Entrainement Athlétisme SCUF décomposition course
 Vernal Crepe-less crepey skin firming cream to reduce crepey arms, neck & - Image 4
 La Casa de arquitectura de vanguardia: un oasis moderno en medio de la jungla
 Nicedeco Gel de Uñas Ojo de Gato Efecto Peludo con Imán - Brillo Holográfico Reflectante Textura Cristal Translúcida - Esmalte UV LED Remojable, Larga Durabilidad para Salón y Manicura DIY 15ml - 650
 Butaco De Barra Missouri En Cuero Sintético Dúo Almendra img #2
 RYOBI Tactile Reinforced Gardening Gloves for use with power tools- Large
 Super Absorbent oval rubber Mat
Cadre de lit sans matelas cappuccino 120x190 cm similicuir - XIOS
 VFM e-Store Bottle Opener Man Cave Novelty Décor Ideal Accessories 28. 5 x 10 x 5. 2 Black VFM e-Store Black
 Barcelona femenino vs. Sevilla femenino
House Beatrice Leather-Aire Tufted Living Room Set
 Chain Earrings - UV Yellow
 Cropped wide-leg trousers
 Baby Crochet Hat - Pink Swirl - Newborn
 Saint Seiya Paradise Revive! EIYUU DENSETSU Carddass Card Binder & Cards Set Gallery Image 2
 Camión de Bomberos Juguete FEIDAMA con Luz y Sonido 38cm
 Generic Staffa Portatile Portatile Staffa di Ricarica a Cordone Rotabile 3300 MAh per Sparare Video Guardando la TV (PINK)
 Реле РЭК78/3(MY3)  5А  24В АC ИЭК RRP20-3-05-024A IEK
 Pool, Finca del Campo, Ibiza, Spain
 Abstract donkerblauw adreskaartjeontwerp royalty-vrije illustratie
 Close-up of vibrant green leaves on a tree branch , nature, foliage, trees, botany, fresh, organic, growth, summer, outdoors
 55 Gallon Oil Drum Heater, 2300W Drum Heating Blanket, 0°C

**EXERCISE GOAL:**
Transcribe the entries exactly, and make each line match the original.

**THE ANSWER:**
Entrainement Athlétisme SCUF décomposition course
 Vernal Crepe-less crepey skin firming cream to reduce crepey arms, neck & - Image 4
 La Casa de arquitectura de vanguardia: un oasis moderno en medio de la jungla
 Nicedeco Gel de Uñas Ojo de Gato Efecto Peludo con Imán - Brillo Holográfico Reflectante Textura Cristal Translúcida - Esmalte UV LED Remojable, Larga Durabilidad para Salón y Manicura DIY 15ml - 650
 Butaco De Barra Missouri En Cuero Sintético Dúo Almendra img #2
 RYOBI Tactile Reinforced Gardening Gloves for use with power tools- Large
 Super Absorbent oval rubber Mat
Cadre de lit sans matelas cappuccino 120x190 cm similicuir - XIOS
 VFM e-Store Bottle Opener Man Cave Novelty Décor Ideal Accessories 28. 5 x 10 x 5. 2 Black VFM e-Store Black
 Barcelona femenino vs. Sevilla femenino
House Beatrice Leather-Aire Tufted Living Room Set
 Chain Earrings - UV Yellow
 Cropped wide-leg trousers
 Baby Crochet Hat - Pink Swirl - Newborn
 Saint Seiya Paradise Revive! EIYUU DENSETSU Carddass Card Binder & Cards Set Gallery Image 2
 Camión de Bomberos Juguete FEIDAMA con Luz y Sonido 38cm
 Generic Staffa Portatile Portatile Staffa di Ricarica a Cordone Rotabile 3300 MAh per Sparare Video Guardando la TV (PINK)
 Реле РЭК78/3(MY3)  5А  24В АC ИЭК RRP20-3-05-024A IEK
 Pool, Finca del Campo, Ibiza, Spain
 Abstract donkerblauw adreskaartjeontwerp royalty-vrije illustratie
 Close-up of vibrant green leaves on a tree branch , nature, foliage, trees, botany, fresh, organic, growth, summer, outdoors
 55 Gallon Oil Drum Heater, 2300W Drum Heating Blanket, 0°C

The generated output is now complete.